And a very happy Chinese Almond Cookie day to you!
Yes, it’s a thing; today is officially recognised as the day for celebrating the greatness that is Chinese Almond cookies.
Because, no matter how strange, off beat, left field, or weird and wonderful a food may be, it is, after all, food and all food should be celebrated.
And what better way to show our happiness of food then to celebrate it with its own special day. Sure, a large slab of penuche may not be everyone’s cup of tea (like how, it’s basically fudge!?!?!) but, on July 23rd this enticing little sweet treat is celebrated as does Welsh Rarebit on September 3rd and Vichyssoise on November 18th.
Seriously, nearly ever single day in the year is a celebration of one food or another (hot tip: tomorrow is Cinnamon Crescent Day! )
But back to today. Today, April 9th, is the day of the Chinese almond cookie.

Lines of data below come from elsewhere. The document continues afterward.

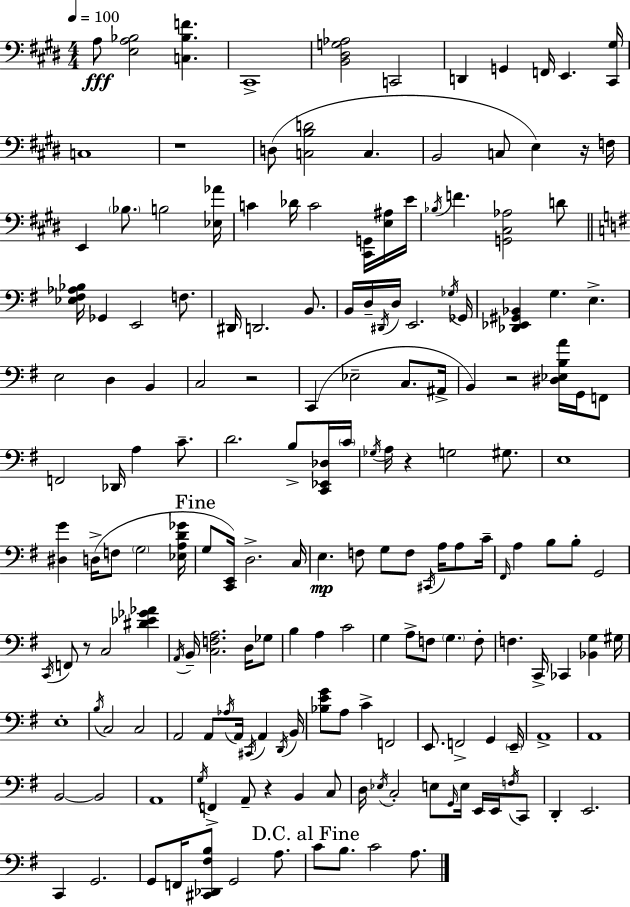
X:1
T:Untitled
M:4/4
L:1/4
K:E
A,/2 [E,A,_B,]2 [C,_B,F] ^C,,4 [B,,^D,G,_A,]2 C,,2 D,, G,, F,,/4 E,, [^C,,^G,]/4 C,4 z4 D,/2 [C,B,D]2 C, B,,2 C,/2 E, z/4 F,/4 E,, _B,/2 B,2 [_E,_A]/4 C _D/4 C2 [^C,,G,,]/4 [E,^A,]/4 E/4 _B,/4 F [G,,^C,_A,]2 D/2 [_E,^F,_A,_B,]/4 _G,, E,,2 F,/2 ^D,,/4 D,,2 B,,/2 B,,/4 D,/4 ^D,,/4 D,/4 E,,2 _G,/4 _G,,/4 [_D,,_E,,^G,,_B,,] G, E, E,2 D, B,, C,2 z2 C,, _E,2 C,/2 ^A,,/4 B,, z2 [^D,_E,B,A]/4 G,,/4 F,,/2 F,,2 _D,,/4 A, C/2 D2 B,/2 [C,,_E,,_D,]/4 C/4 _G,/4 A,/4 z G,2 ^G,/2 E,4 [^D,G] D,/4 F,/2 G,2 [_E,A,D_G]/4 G,/2 [C,,E,,]/4 D,2 C,/4 E, F,/2 G,/2 F,/2 ^C,,/4 A,/4 A,/2 C/4 ^F,,/4 A, B,/2 B,/2 G,,2 C,,/4 F,,/2 z/2 C,2 [^D_E_G_A] A,,/4 B,,/4 [C,F,A,]2 D,/4 _G,/2 B, A, C2 G, A,/2 F,/2 G, F,/2 F, C,,/4 _C,, [_B,,G,] ^G,/4 E,4 B,/4 C,2 C,2 A,,2 A,,/2 _A,/4 A,,/4 ^C,,/4 A,, D,,/4 B,,/4 [_B,EG]/2 A,/2 C F,,2 E,,/2 F,,2 G,, E,,/4 A,,4 A,,4 B,,2 B,,2 A,,4 G,/4 F,, A,,/2 z B,, C,/2 D,/4 _E,/4 C,2 E,/2 G,,/4 E,/4 E,,/4 E,,/4 F,/4 C,,/2 D,, E,,2 C,, G,,2 G,,/2 F,,/4 [^C,,_D,,^F,B,]/2 G,,2 A,/2 C/2 B,/2 C2 A,/2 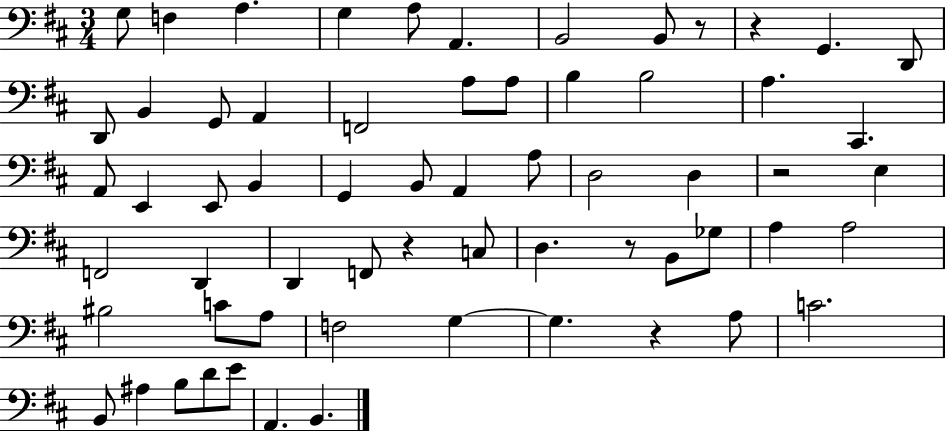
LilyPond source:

{
  \clef bass
  \numericTimeSignature
  \time 3/4
  \key d \major
  g8 f4 a4. | g4 a8 a,4. | b,2 b,8 r8 | r4 g,4. d,8 | \break d,8 b,4 g,8 a,4 | f,2 a8 a8 | b4 b2 | a4. cis,4. | \break a,8 e,4 e,8 b,4 | g,4 b,8 a,4 a8 | d2 d4 | r2 e4 | \break f,2 d,4 | d,4 f,8 r4 c8 | d4. r8 b,8 ges8 | a4 a2 | \break bis2 c'8 a8 | f2 g4~~ | g4. r4 a8 | c'2. | \break b,8 ais4 b8 d'8 e'8 | a,4. b,4. | \bar "|."
}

And it falls on a weekend, how perfect is that? The perfect excuse to wake up on a lazy Saturday morning and bake a batch of delicious almond cookies to snack on all weekend.
Bring on the almond cookies people!
NOT QUITE A TRADITIONAL RECIPE
When searching for a “traditional” Chinese almond cookie recipe for this post I quickly found that – just like any “traditional” recipe out there – the views on what constituted a “traditional” Chinese almond cookie were (putting it lightly) conflicted.
And when you’re considering a country that covers 9,596,961 km2 (making it the second largest country by land area, btw) of which is home to more than a billion people (of more than 52 distinct ethnic groups) it’s not difficult to see thow the make up of a Chinese Almnd Cooke would change from one place to another.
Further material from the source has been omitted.